§ Work to complete
Each line of the material must be repeated precisely, with the pictures left out.

§ Information provided
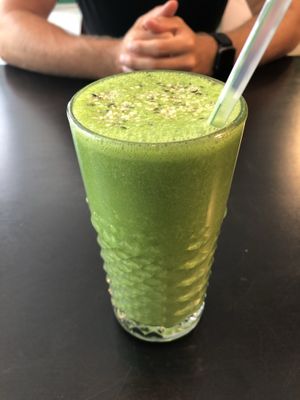 Groene custom made smoothie at Plantastic's Streetfood Kitchen in Rotterdam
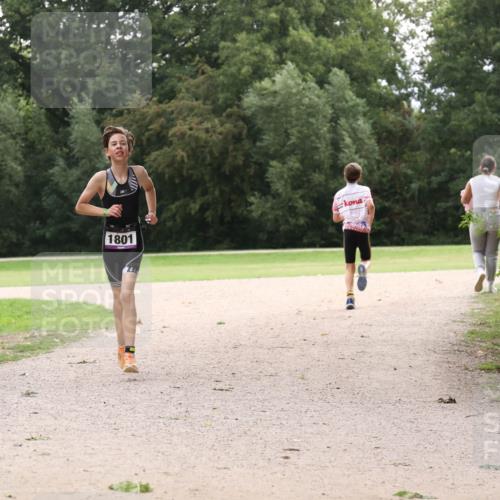 30.08.2026 - Elbe Triathlon Hamburg Antke Förster http://msf.ph/oto/10107833 30.08.2026 13:02:42 Laufen 1801 meine-sportfotos.de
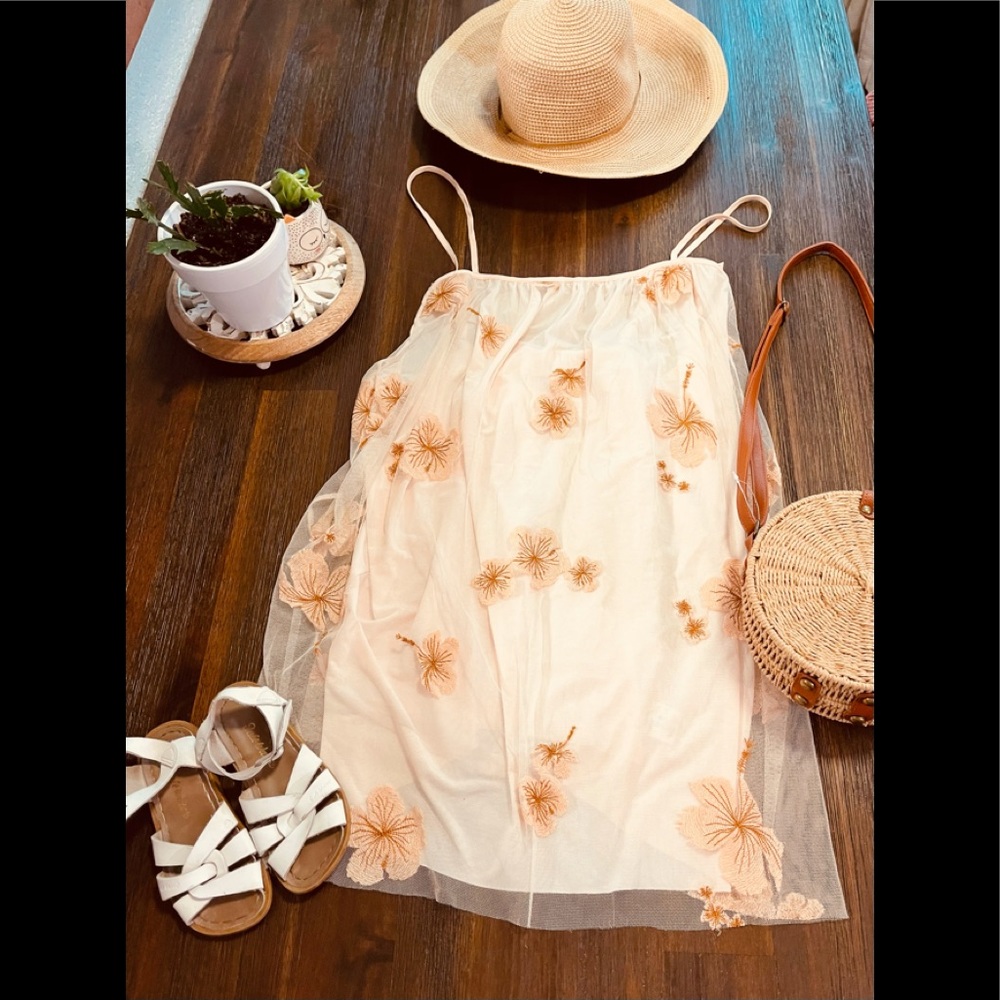 New with tags Tobi high low dress in light peach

§ Reply to the exercise
 Groene custom made smoothie at Plantastic's Streetfood Kitchen in Rotterdam
 30.08.2026 - Elbe Triathlon Hamburg Antke Förster http://msf.ph/oto/10107833 30.08.2026 13:02:42 Laufen 1801 meine-sportfotos.de
 New with tags Tobi high low dress in light peach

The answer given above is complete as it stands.